Over 7 hours a day are spent by people flipping through their Smartphones or checking messages and updates, according to a study conducted by UCLA. Another shocking survey by Kaspersky Lab revealed that 44% of 1000 surveyed participants said their Smartphones served as a source of their memories.
At every corner of the street, you can see the sad reality of the Digital Age. People are too busy scrolling through their feeds rather than paying attention or engaging in conversations.
The question is: Why are we so dependent on tech? The answer lies in the culprit: Dopamine Addiction.
Your Happiness Drug
Dopamine is the brain chemical which is released whenever you experience pleasure. Cooked a pizza for grandma? Get compliments and your dose of dopamine. Finished homework early? Get good grades, more dopamine.
It drives our behaviors and motivates us to do well. The reward is after completion of the work. But with technology and social networks, it’s the other way around – instant gratification. We no longer work towards our goals but get the rewards directly in a few taps, foregoing the effort to attain them. This desensitizes brains and leads to brain lateralization or another term for – imbalance between the left and right hemispheres.

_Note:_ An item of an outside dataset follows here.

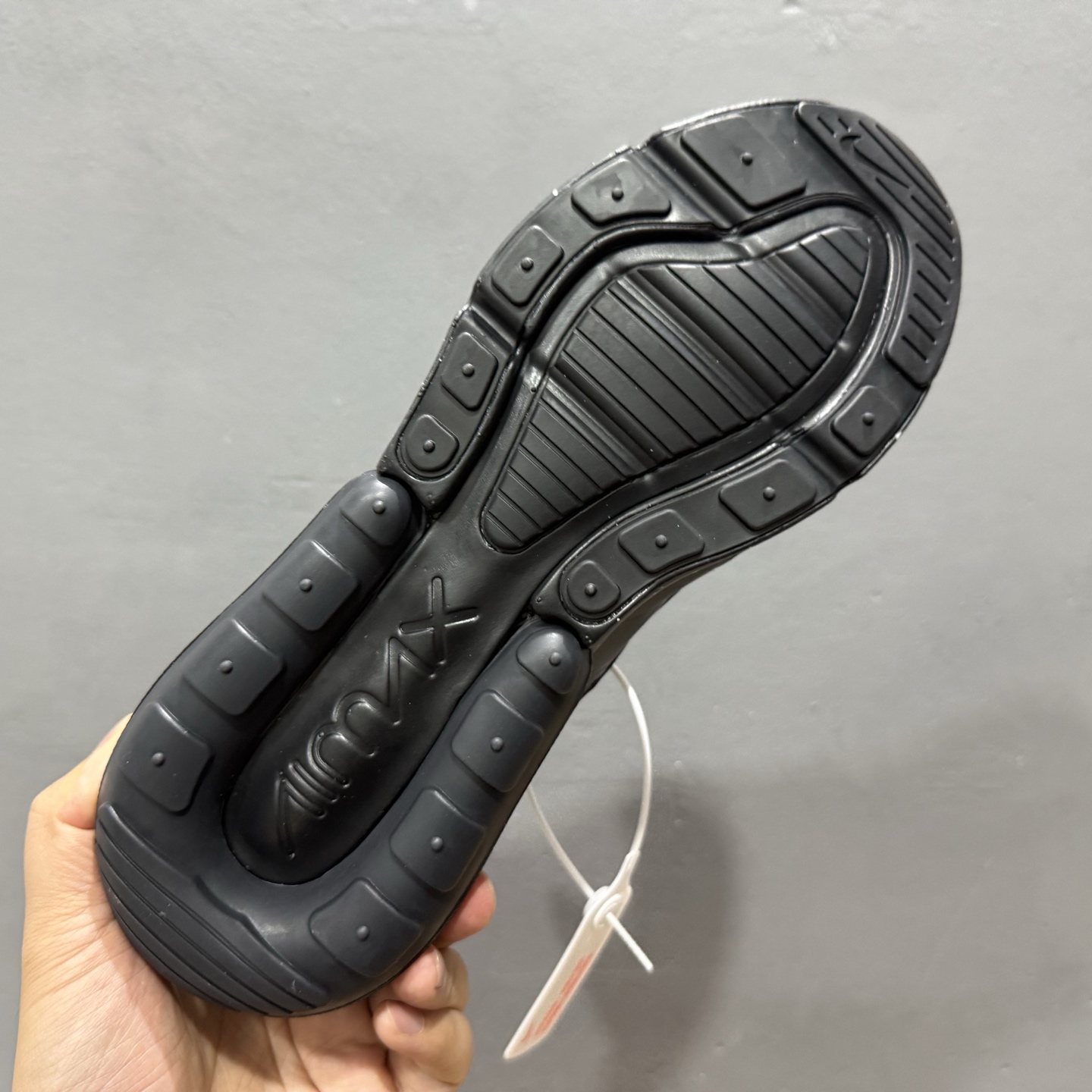 Nike Air Max 270混合科技透气后掌半气垫慢跑鞋 AH8050-202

For example, can you remember your best friend’s birthday or your uncle’s phone number without going on Facebook or looking up Google? If you answered no, you might have a case of ‘Digital Dementia,’ a term coined in 2012 by German neuroscientist Manfred Spitzer. Stress, technology addiction, and modern lifestyles are responsible for the cognitive decline most people experience.
Your Brain, Plugged Back
When you rely on tech too much, you literally unplug your brain. Multitasking isn’t cool; it shortens the attention span. Distraction breeds lowering levels of IQ and a lack of focus.
The good news is, these things are reversible.

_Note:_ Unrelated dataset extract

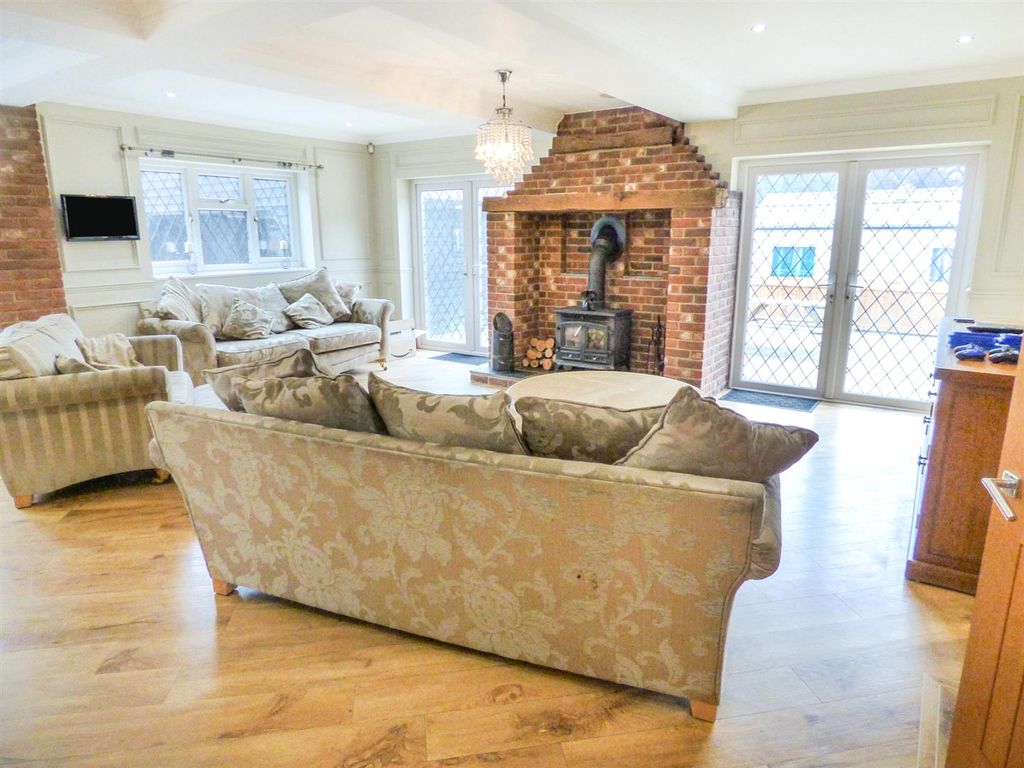 Property photo 3 of 15 P1100650.Jpg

For starters, healing the brain begins by limiting cell phone or tech usage. This means no checking phones or exposing your mind to blue light before going to bed and after waking up. Spending time exploring and observing nature and sitting down trying to recall events of the previous days are known to help. Organically recalling information and not using tools like calculators or devices to do computations force the brain to create new neural connections, thus improving short-term and long-term working memory. Nutrition plays a vital role in the healing process too.
Making sure you avoid processed foods, sugars, and salts, and consuming a healthy diet loaded with fruits, nuts/seeds, vegetables and incorporating key nutrients like Vitamin B12 and Omega -3 with EPA and DHA are key towards long-term but gradual cognitive performance improvements.
Memories are like stories and what good is a character with no stories to tell?
The adage: Use it or Lose It, stands true for the brain.
If those mental muscles aren’t flexed, they simply deteriorate which translate to a fading memory.
There’s no magic cure to healing and reversing the damage. It takes time, and that is a fact, like it or not, which has to be accepted by everyone.